§ Task description
What you write must match the records exactly, except for the images, which are left out.

§ Entries provided
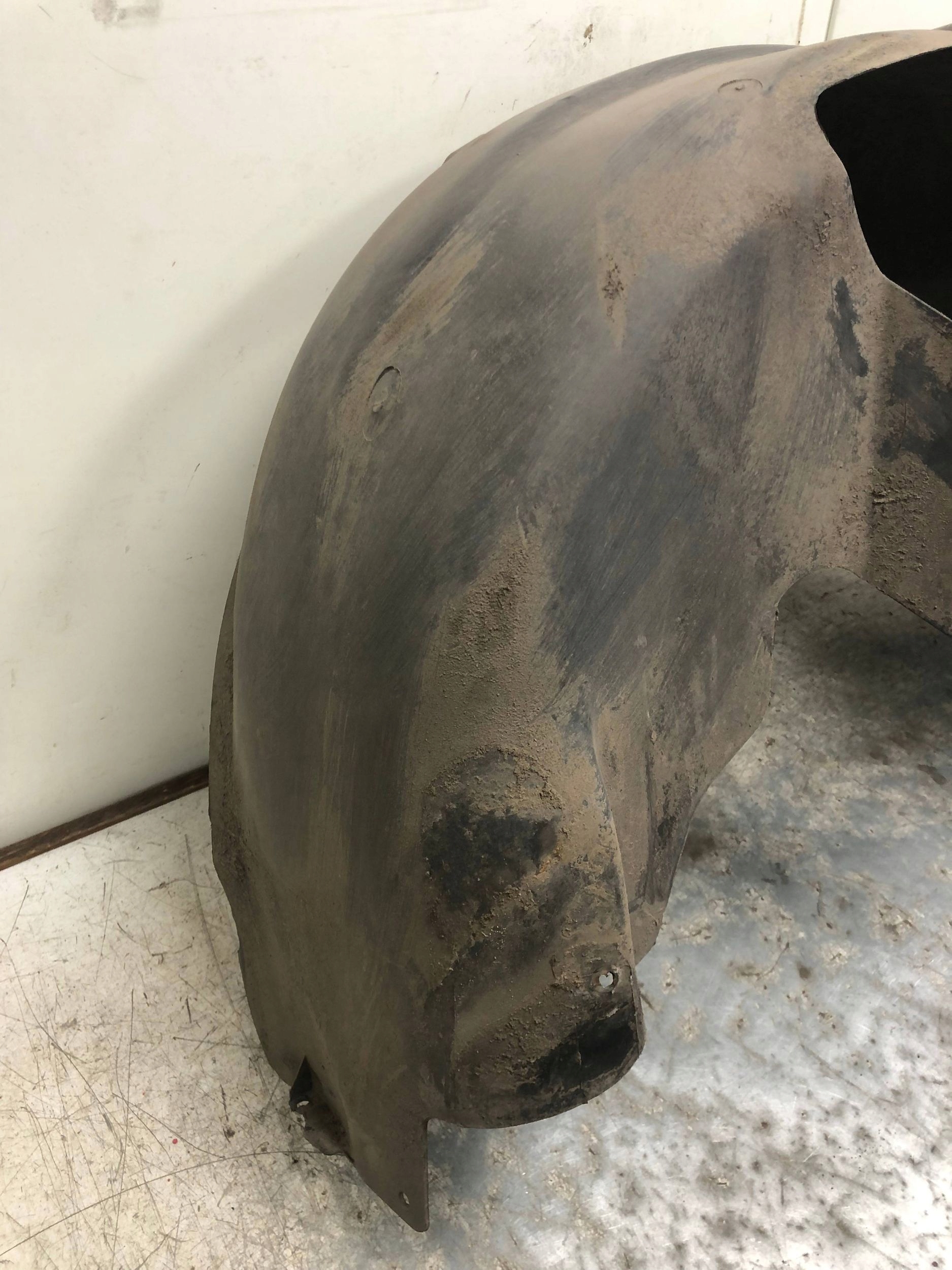 mudguard right rear part SEAT LEON II 1P0810970A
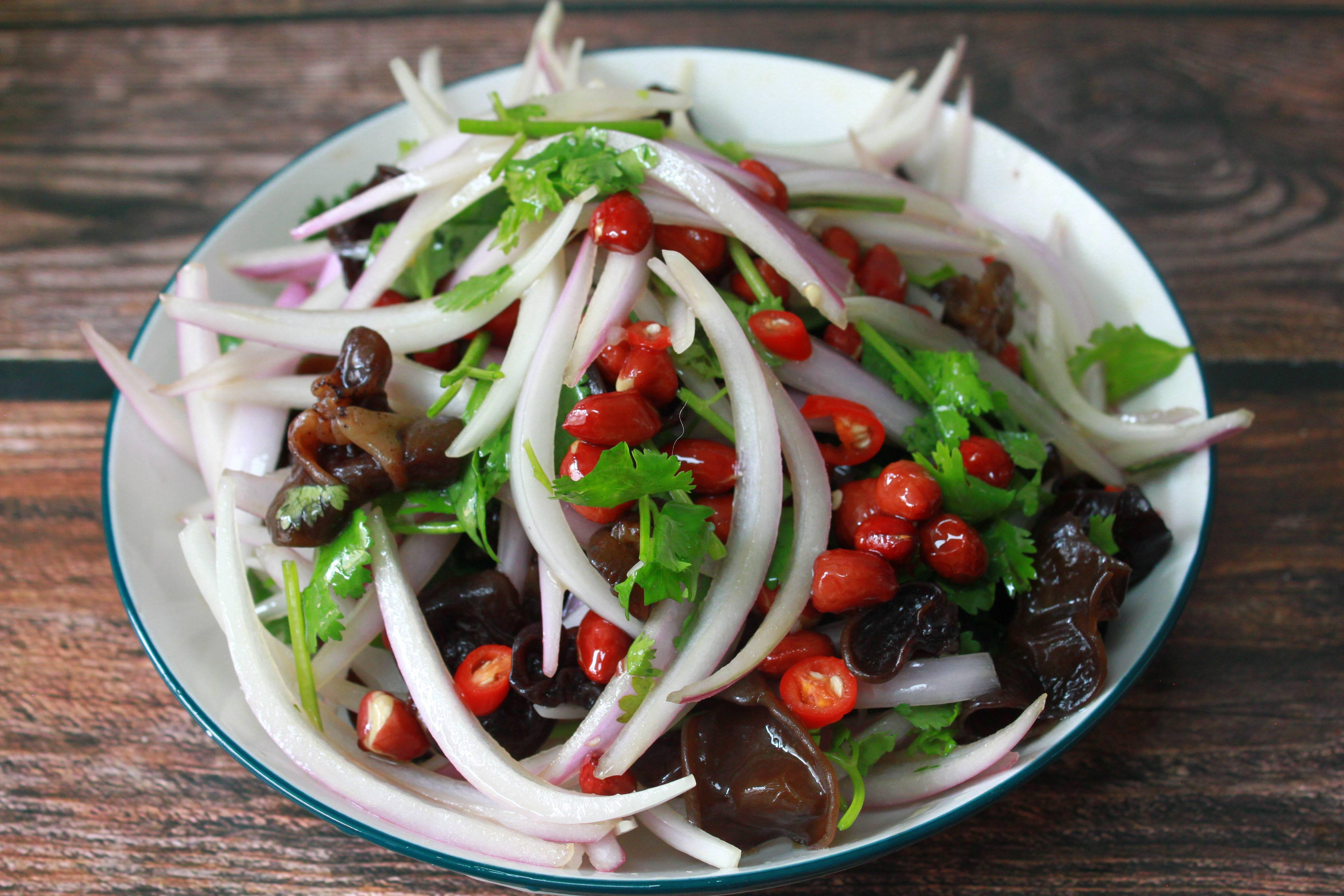 【洋葱拌木耳】主要食材:洋葱,木耳,小葱,香菜,花生,小米椒1,木耳加入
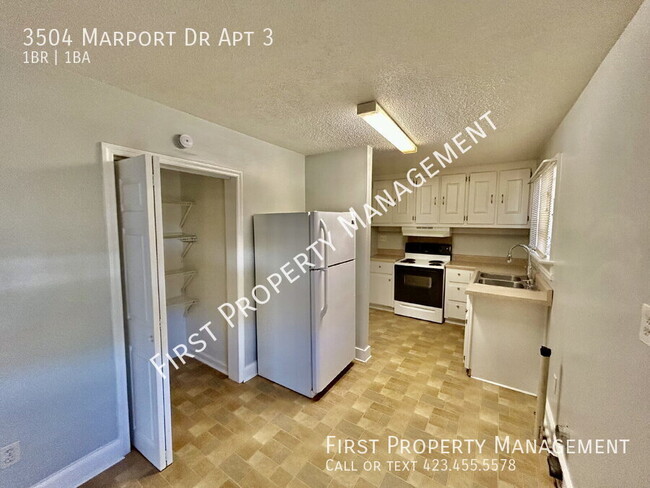 Building Photo - 1Bed/1Bath Multi-Family Unit: Washer/Dryer...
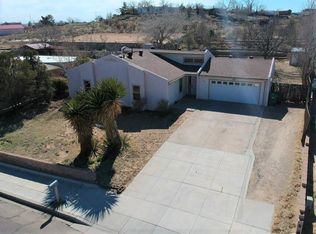 700 Lisbon Ave SE, Rio Rancho, NM 87124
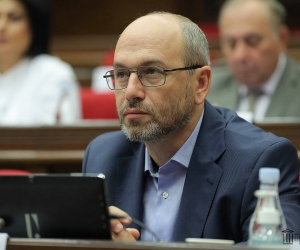 Гегам Назарян – Николу Пашиняну: “День независимости нужно отмечать, но не красочным шоу” 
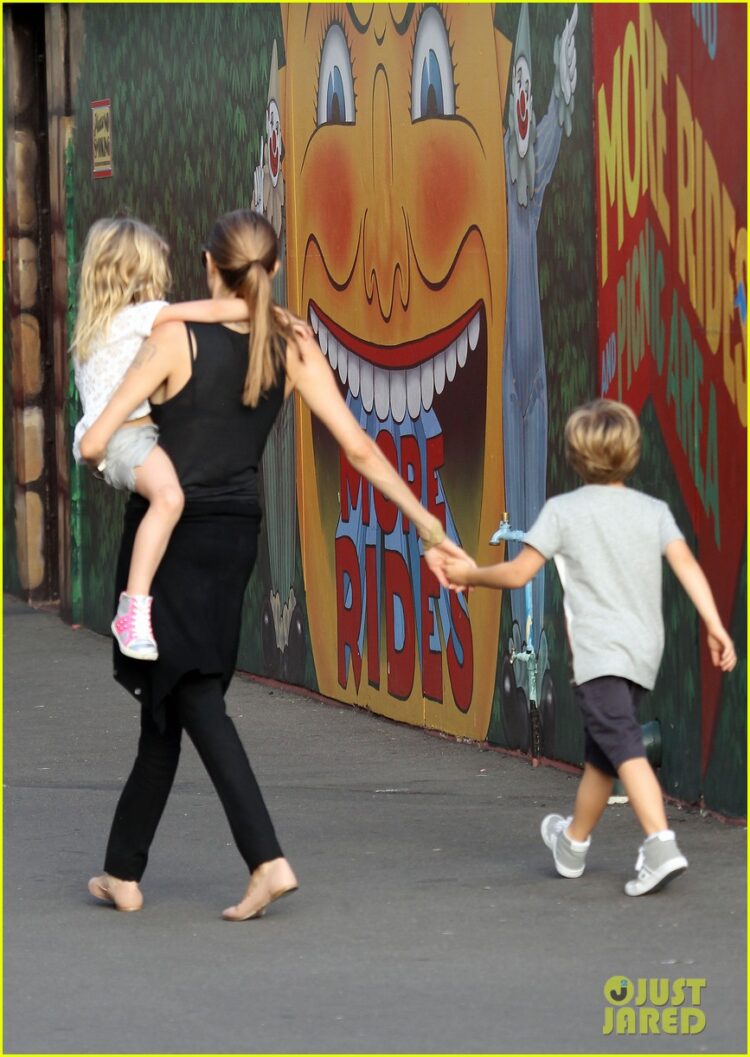 luna angellina feet 2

§ Written solution
 mudguard right rear part SEAT LEON II 1P0810970A
 【洋葱拌木耳】主要食材:洋葱,木耳,小葱,香菜,花生,小米椒1,木耳加入
 Building Photo - 1Bed/1Bath Multi-Family Unit: Washer/Dryer...
 700 Lisbon Ave SE, Rio Rancho, NM 87124
 Гегам Назарян – Николу Пашиняну: “День независимости нужно отмечать, но не красочным шоу” 
 luna angellina feet 2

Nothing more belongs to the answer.